Graph Neural Network (GNN) for chemistry

Graph Neural Network (GNN)

Due to the high similarity between molecule and (heterogeneous) graph, GNN has been introduced to predict molecule property in recent years. As an introduciton of GNN, this article won’t go through the mathematical detail but only introduce the concept of GNN algorithm.

To make long story short, the purpose of GNN is to update the node features (atom) in the graph (molecule) to simulate the electron interaction effect in the molecule. Thus, GNN model is particularly effective in predicting quantum chemisrty and reaction prediction.

Threre are many types of GNN, but the main four steps in GNN are the same, namely
1. Initializing Node Feature
2. Node Feature Embedding and Updating (Main GNN algorithm)
3. Readout
4. Prediction

For convinience, I use DGL-LifeSci to perform all the functions.
To install dgl-lifesci, run

1	conda install -c dglteam dgllife

Initializing Node Feature

To start the GNN training, you need to one-hot initialize all the atom and bond features by self-defined function, such as atomic number and bond type.
For me, I chose WeaveAtomFeaturizer for atom and CanonicalBondFeaturizer for bond.

import torch
import sklearn
import dgl
from dgllife.utils import smiles_to_bigraph, WeaveAtomFeaturizer, CanonicalBondFeaturizer

def GraphFromSmiles(smiles):
    node_featurizer = WeaveAtomFeaturizer()
    edge_featurizer = CanonicalBondFeaturizer()
    return smiles_to_bigraph(smiles, node_featurizer = node_featurizer, edge_featurizer = edge_featurizer)

smiles = 'O=C1NC(=O)CCC1N3C(=O)c2cccc(c2C3)N' # Lenalidomide
graph = GraphFromSmiles(smiles)

If you print the variable graph, it should show

1
2
3

Graph(num_nodes=19, num_edges=42,
      ndata_schemes={'h': Scheme(shape=(27,), dtype=torch.float32)}
      edata_schemes={'e': Scheme(shape=(12,), dtype=torch.float32)})
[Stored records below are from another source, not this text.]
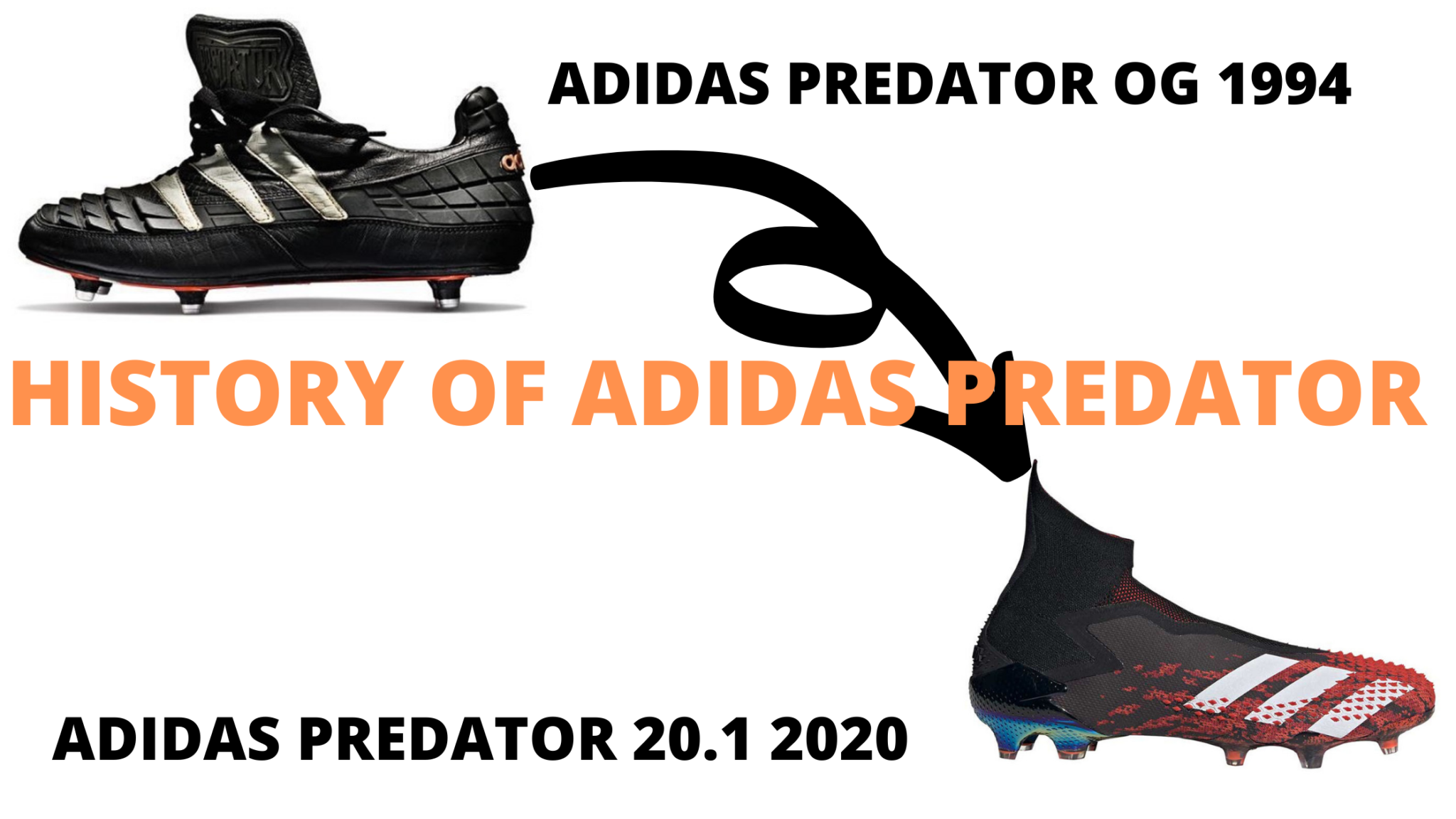 History of the adidas predator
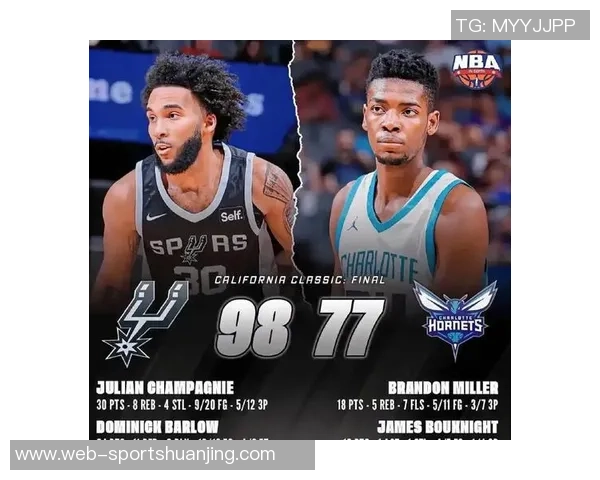 米勒全场最高26分精彩表现多次三分精准迎战状元文班 米勒全场最高26分精彩表现多次三分精准迎战状元文班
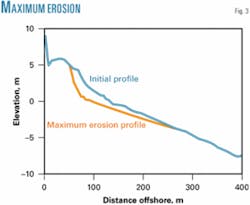 Th 050905ogjtso03 Th 050905ogjtso03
Which means you have 19 atoms and 42 bonds in the molecule, where each atom has a feature vector with 27 features and each bond has a feature vector with 12 features.
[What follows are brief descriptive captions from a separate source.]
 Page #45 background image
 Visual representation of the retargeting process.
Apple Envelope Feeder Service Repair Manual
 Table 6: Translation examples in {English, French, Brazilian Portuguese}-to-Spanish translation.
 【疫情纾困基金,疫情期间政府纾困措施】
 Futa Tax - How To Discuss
Node Feature Embedding and Updating

Here is the core part of GNN, each atoms are embedded by linear layer and update by their environment (atoms and bonds) by GNN algorithm. There are many types of GNNs depending on differnt neural network used to update the atom:
If you use convolution algorithm, it is called Graph Convolutional Neural Network (GCN).
If you use attention mechanism, it is called Graph Attention Neural Network (GAT).
If you use convolution and recurrent algorithm, it is called Message Passing Neural Network (MPNN).
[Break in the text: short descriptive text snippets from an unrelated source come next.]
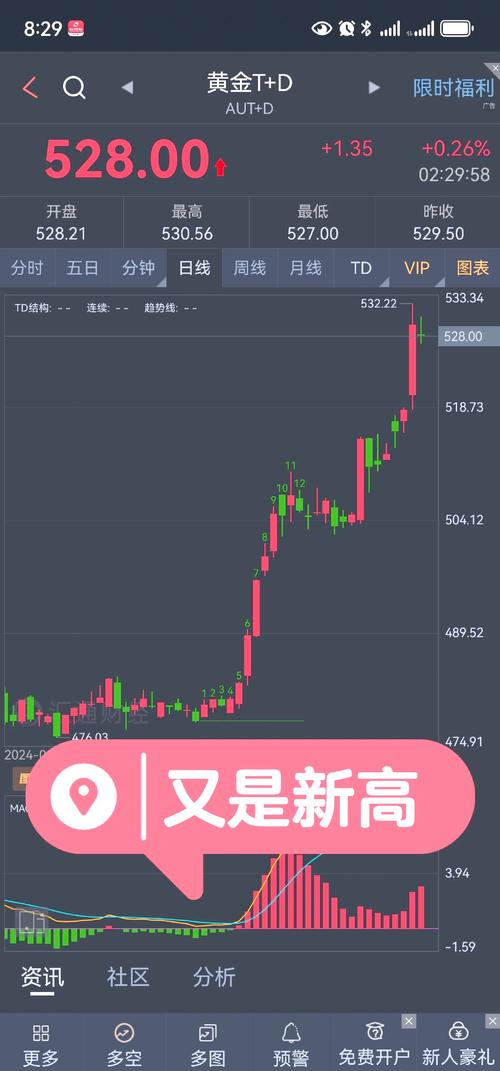 （黄金白银原油大涨原因）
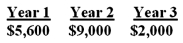 You are considering a project with the following cash flows:   What is the present value of these cash flows,given an 11% discount rate? A)  $8,695.61 B)  $8,700.89 C)  $13,732.41 D)  $13,812.03 E)  $19,928.16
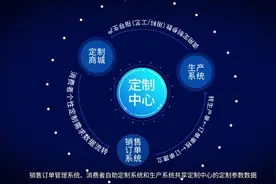 产销一体化方案解决问题
产销联动差视频封面
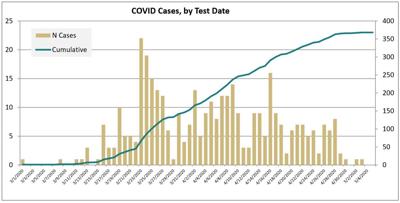 Clark County Covid 19 One More Death In Tuesday Count Community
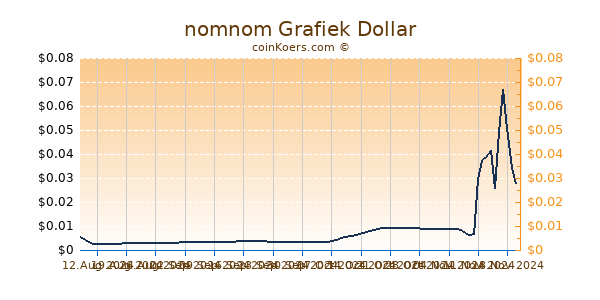 nomnom Grafiek 6 Maanden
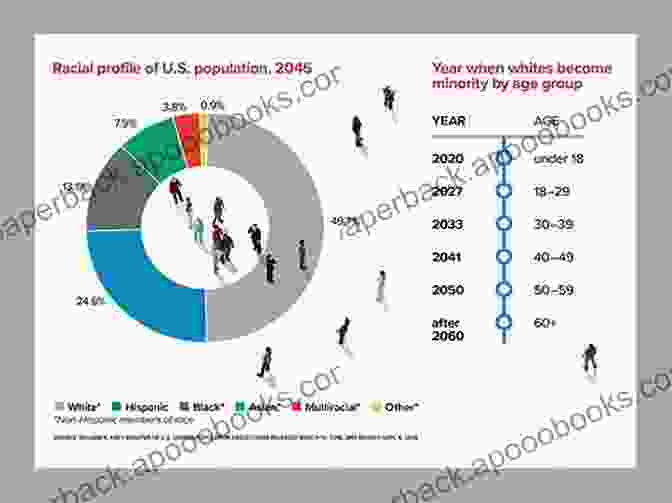 Data Analytics Provides Campaigns With Valuable Insights Into Voter Demographics, Preferences, And Behaviors. The Internet And The 2024 Campaign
I will do GCN in this tutorial, however you can change to other network as you wish.
Because graph convoluion is already defined in dgl module, we only need to import and connect the GCN layers.

import torch.nn as nn
import torch.nn.functional as F

from dgl.nn.pytorch import GraphConv

class GCN(nn.Module):
    def __init__(self, in_feats, hidden_feats):
        super(GCN, self).__init__()
        
        self.gnn_layers = nn.ModuleList()
        for i in range(len(hidden_feats)):
            self.gnn_layers.append(GraphConv(in_feats, hidden_feats[i]))
            in_feats = hidden_feats[i]

    def forward(self, g, feats):
        for gnn in self.gnn_layers:
            feats = gnn(g, feats)
        return feats

Readout

The readout funciton is used to summurize the feature of the molecule from the updated atoms. One can use recurrent, convolution network or Set2Set to do readout. But I found many people just use summation or average and still get fine results.

class Readout(nn.Module):
    def __init__(self, mode):
        super(Readout, self).__init__()
        self.mode = mode
        
    def forward(self, feats):
        if self.mode == 'mean':
            feats = torch.mean(feats, 0)
        elif self.mode == 'sum':
            feats = torch.sum(feats, 0)
        return feats

Prediction

Lastly, you can simply make a linear layer to fit the readout feature to your data label.

class Predictor(nn.Module):
    def __init__(self, in_feats):
        super(Predictor, self).__init__()
        self.predictor = nn.Linear(in_feats, 1)
        
    def forward(self, feats):
        feats = self.predictor(feats)
        return nn.Sigmoid()(feats)

GNN Netowrk

Now we have defined all the needed components, put them together and make an end-to-end model!

class GNN(nn.Module):
    def __init__(self, in_feats, hidden_feats):
        super(GNN, self).__init__()
        self.gcn = GCN(in_feats, hidden_feats)
        self.readout = Readout('sum')
        self.predictor = Predictor(hidden_feats[-1])
        
    def forward(self, graph, feats):
        feats = self.gcn(graph, feats)
        feats = self.readout(feats)
        output = self.predictor(feats)
        return output
        
hidden_size = [256, 64, 32]
node_feats = graph.ndata.pop('h')
model = GNN(node_feats.shape[-1], hidden_size)
output = model(graph, node_feats)

If you print your output, you will get something like

1	tensor([0.7552], grad_fn=<SigmoidBackward>)

Get your data ready and train your model with GNN!!
(See pytorch tutorial if you do not know how to train pytorch model!